Come noi, migliori di noi, fragili. Ai tempi in cui sono connessi ogni attimo delle loro vite con altre fragilità, come per sostenere un castello di carte collettivo che inevitabilmente cadrà, i nostri giovani sono oggi vittime di quel mondo che, almeno a parole, doveva migliorare le loro esistenze.
Nessuno, nè le compagne di squadra nè il rispettabile club nel quale giocava nè forse la stessa famiglia, è riuscito a capire il dramma di Julia Ituma, 18 anni milanese di origini nigeriane che si è lanciata nel vuoto (non ha dubbi chi indaga sul caso) dal sesto piano di un albergo di Instanbul. Nessuno a scorgere quelle avvisaglie di fragilità, del mortale mix di inquietudini e stress e vuoto che hanno portato al dramma.
I nostri giovani, così staccati dal mondo che sostituiscono da tempo con uno virtuale, fatto di messaggi ed emoticon, non riescono più a confessarci che le loro attese sono di un futuro che non vedono, comunicano senza metterci il cuore di mezzo, vivono senza aspettative.
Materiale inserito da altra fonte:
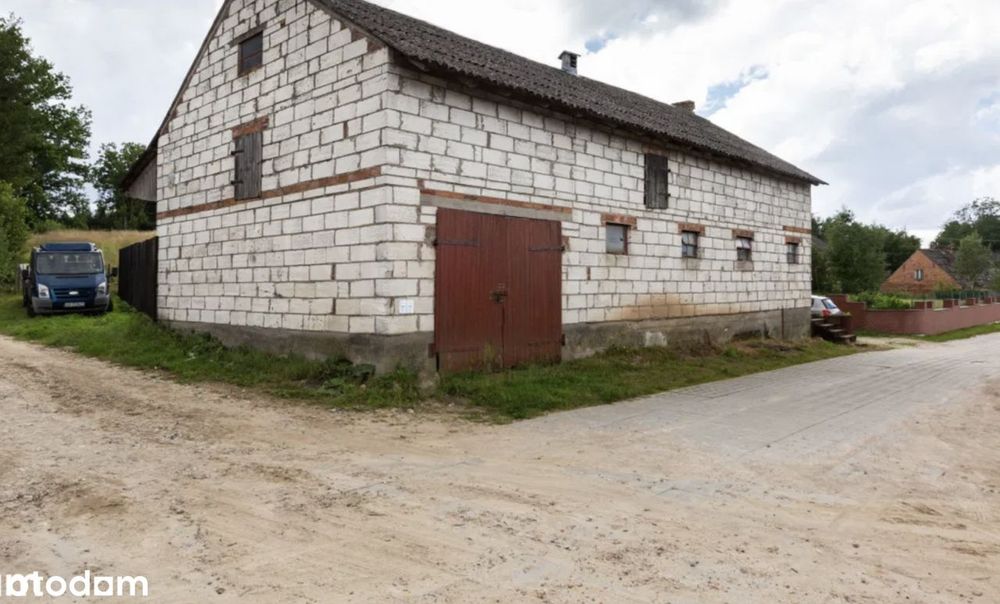 Działka z WZ na nowy dom jednorodzinny + budynek 200m2 -do negocjacji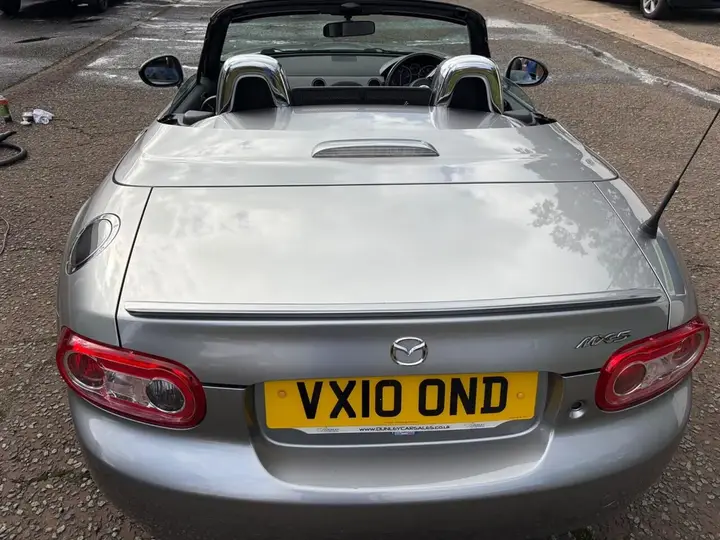 Mazda Mx-5 2010 photo 4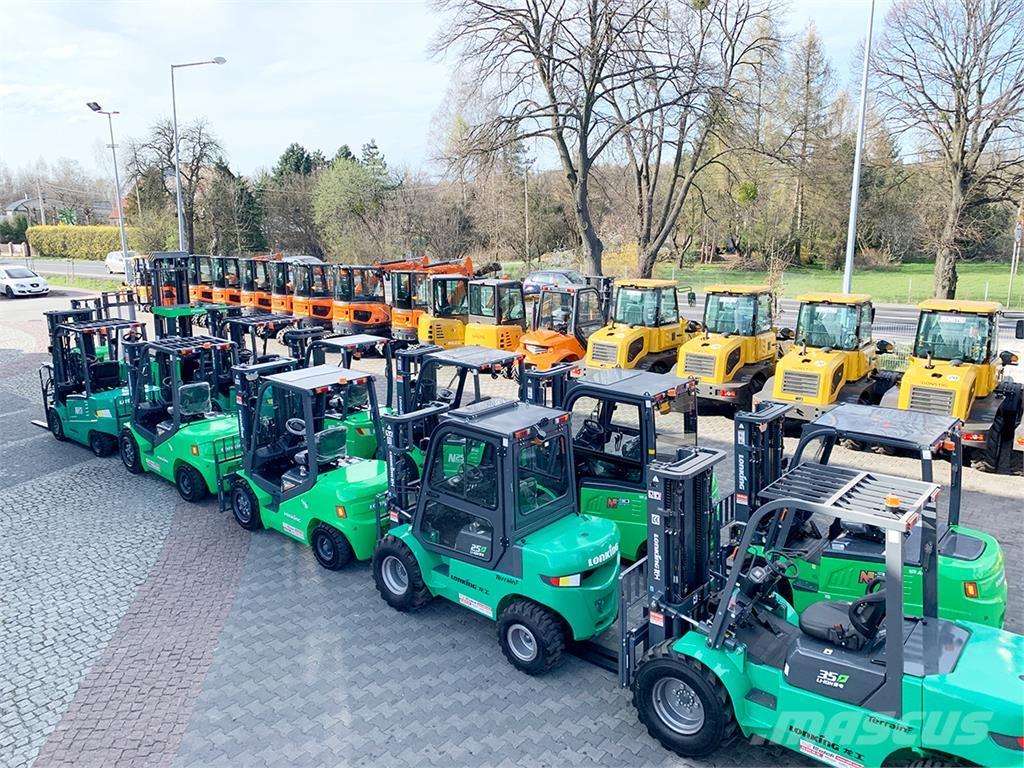 Lonking LG35B Elektriske trucker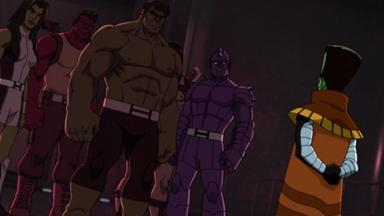 Hulk Y Los Agentes De S.M.A.S.H 2x2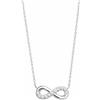 WearTravelers Collana con Ciondolo Aereo in in Oro Giallo 375 / 9K e Zirconi sulle Ali - Idea Regalo Donna Viaggiatrice - Gioiello Elegante per Viaggi e Occasioni Speciali - Modello Aliseo (Grande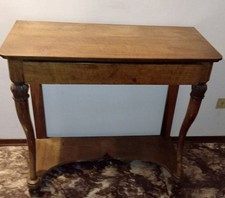 Consolle legno vintage usato  Ferrara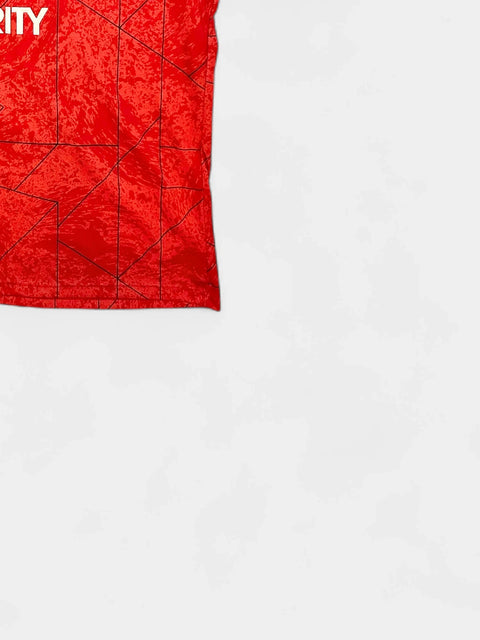 Bristol City 1992-93 Football Shirt made by Nibor size XL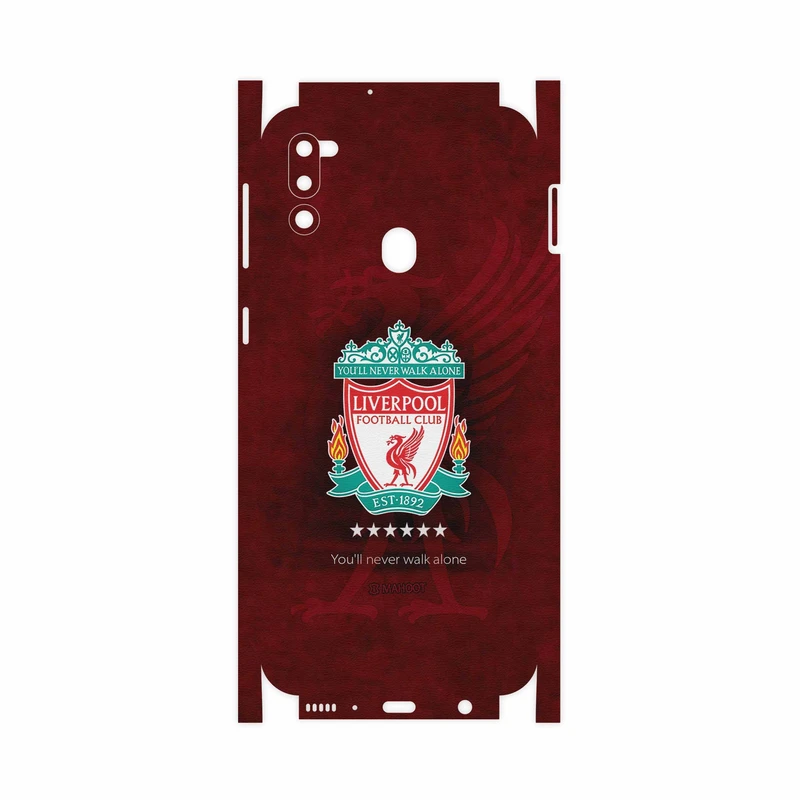 برچسب پوششی ماهوت مدل Liverpool-FullSkin مناسب برای گوشی موبایل سامسونگ Galaxy M21 (2021) Edition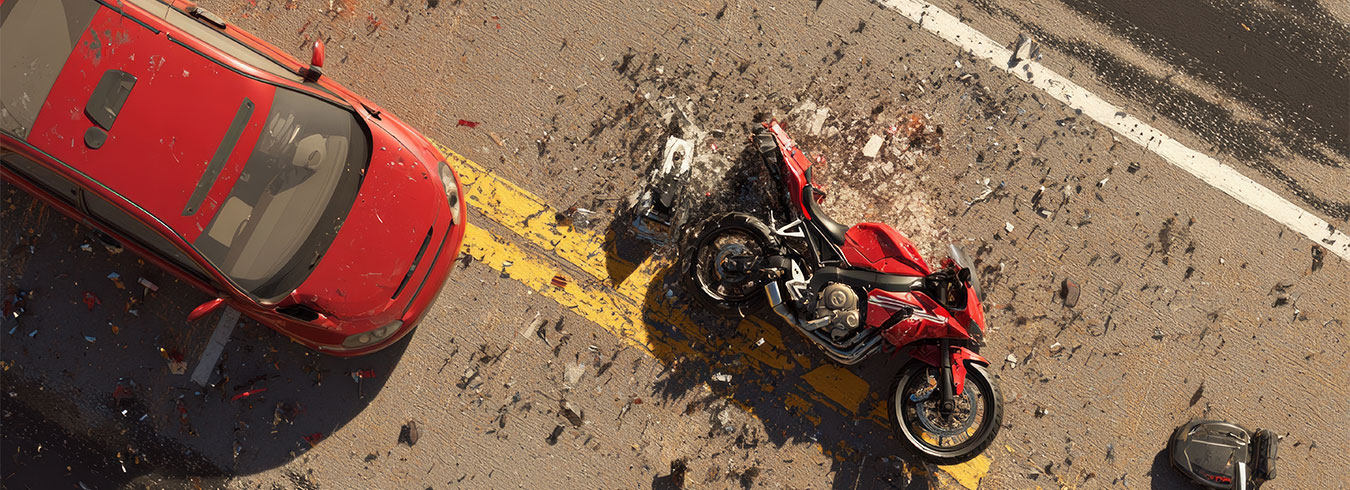 foto de accidente de tránsito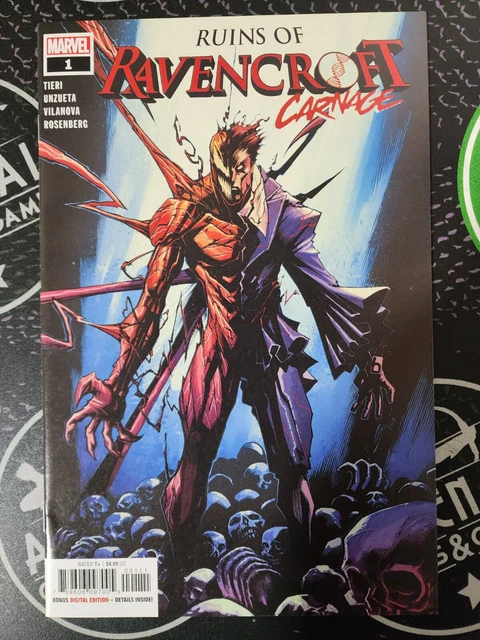 Ruins of Ravencroft: Dracula & Carnage #1 One Shot 2020 2 Books Captain America 4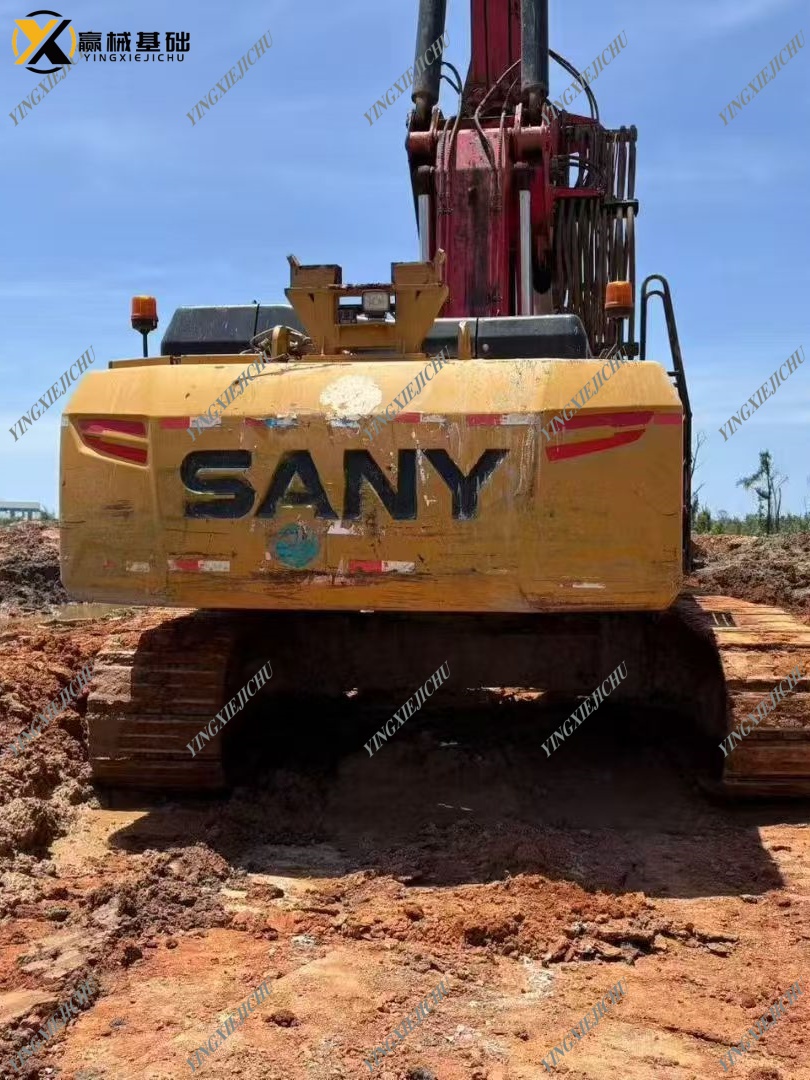 SANY SR205 Durable Advanced Efficient High Quality Flexible Piling Rig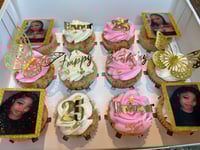 Image 1 of Glam Cupcakes (Dozen)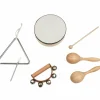 Set de 4 instruments de musique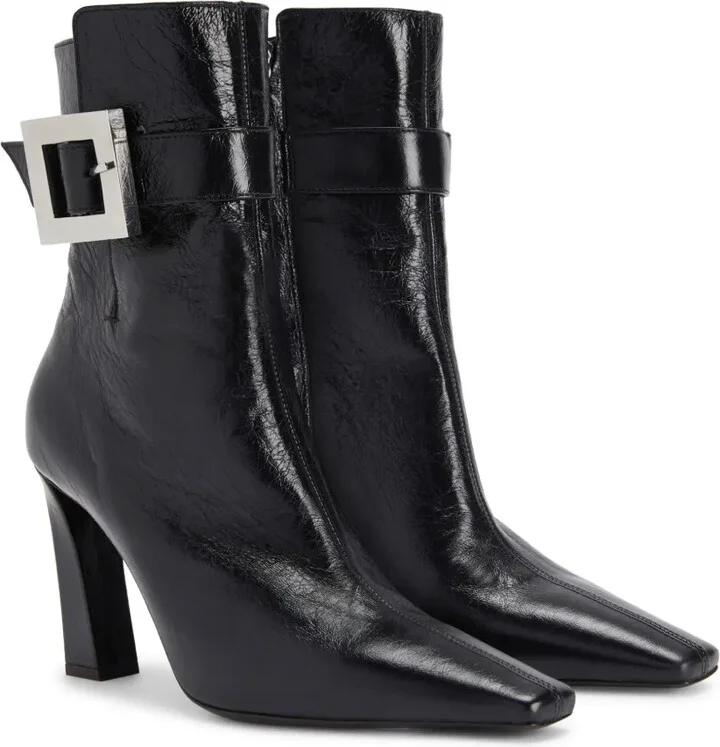 90mm Seattle Bootie buckle boots - Image 2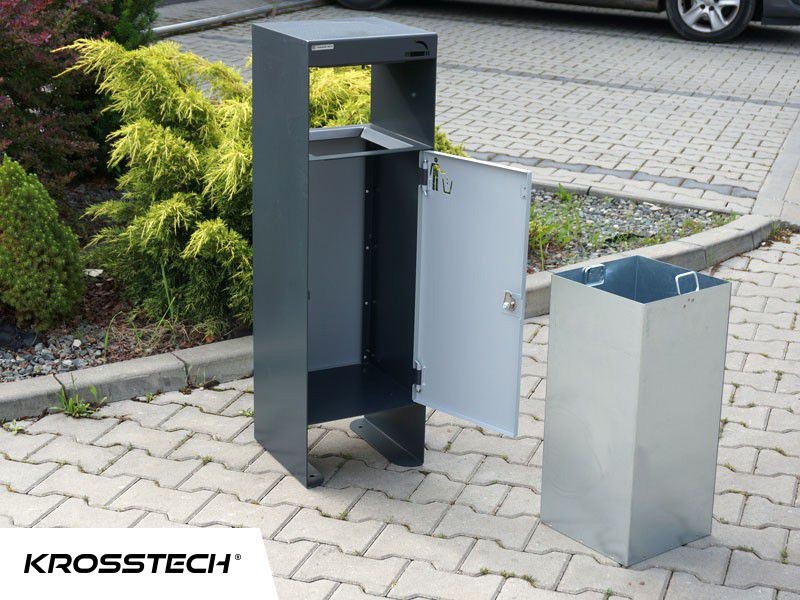 Kosz na odpadki Aster I 40l
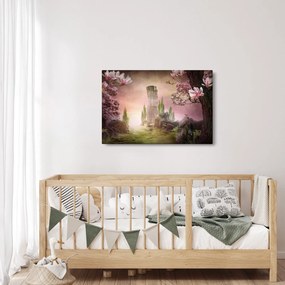 Kép - Az álmok birodalma (90x60 cm)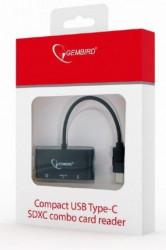 Gembird USB type-C SDXC čitac kartica za mobilne telefone i tablete UHB-CR3-02 - Img 2
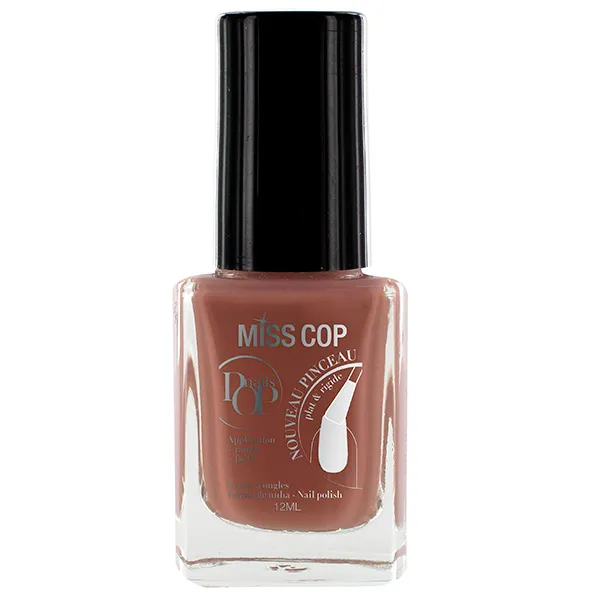 

Лак для ногтей Pop Nails Nude Miss Cop, цвет taupe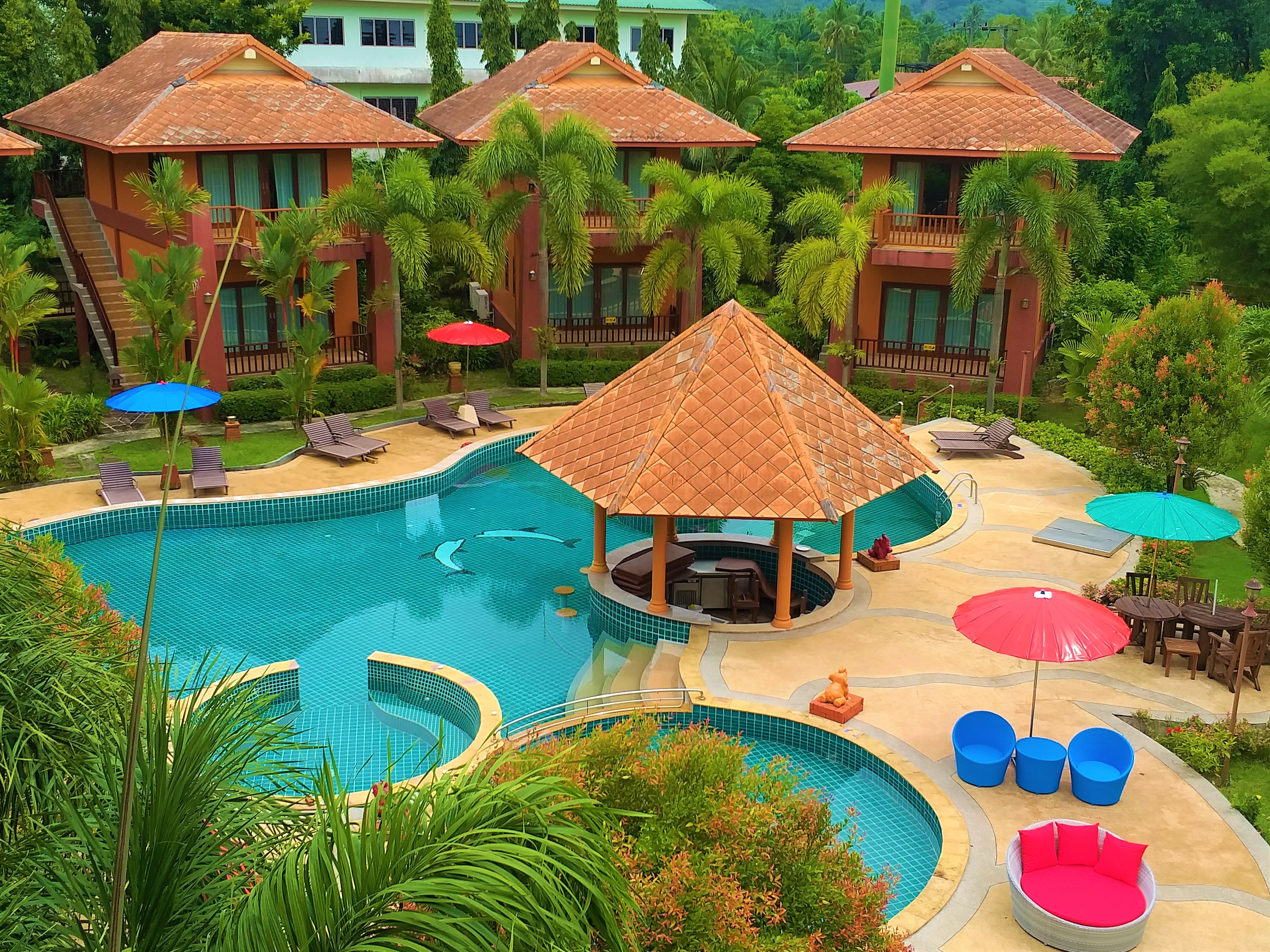 Andamanee Boutique Resort Aonang Krabi - Free Beach Shuttle Ao Nang Dış mekan fotoğraf
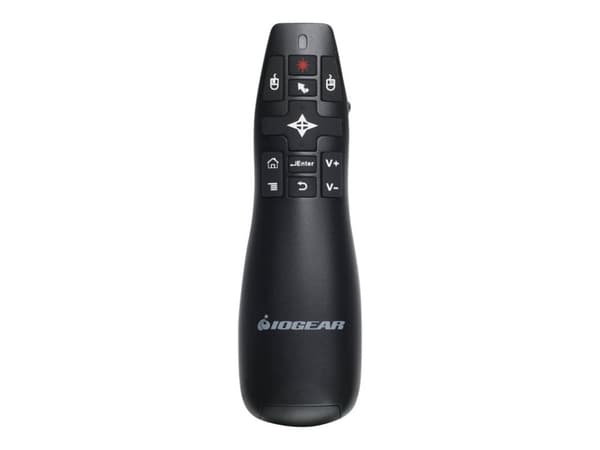 IOGEAR Red Point Pro Presenter Mouse - Presentationsfjärrkontroll - RF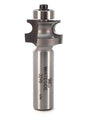 Whiteside 3246 Edge Beading Router Bit 1/4" Bead Diameter 9/16" Cut Length 1/2" Shank 2 Flute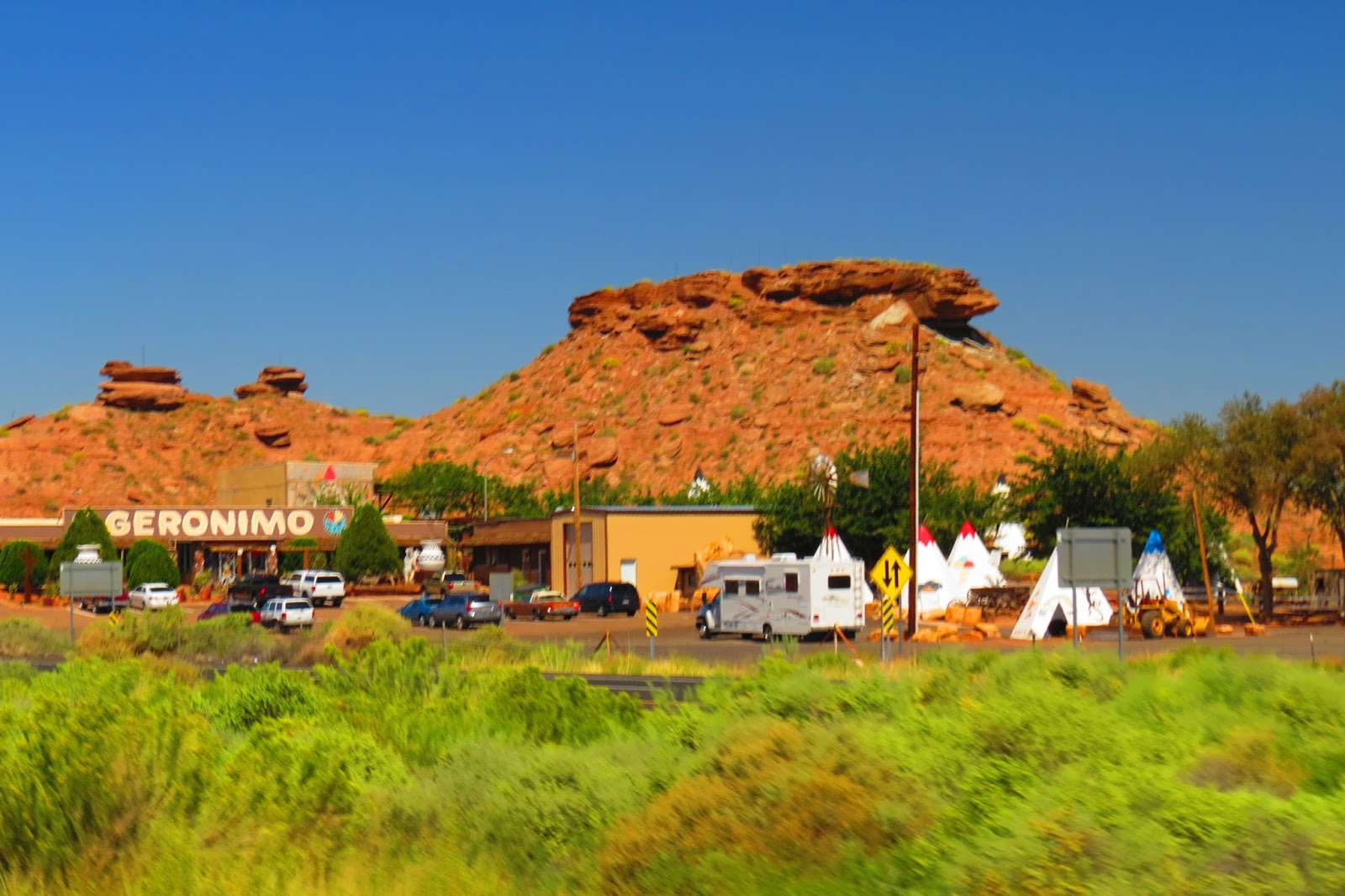 Day2 Winslow, AZ to Farmington, NM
Non sapremo mai forse il perchè della fine di una giovane così amata da tutti, con un grande futuro davanti come pallavolista. Ma sappiamo che a questi nostri ragazzi dobbiamo dire qualcosa: che fino ad ora non ci siamo stati, che è l’ora di parlarci per sostituire le falsità del tempo con le parole, e che anche noi non siamo pieni come abbiamo sempre detto e neppure diversi da loro.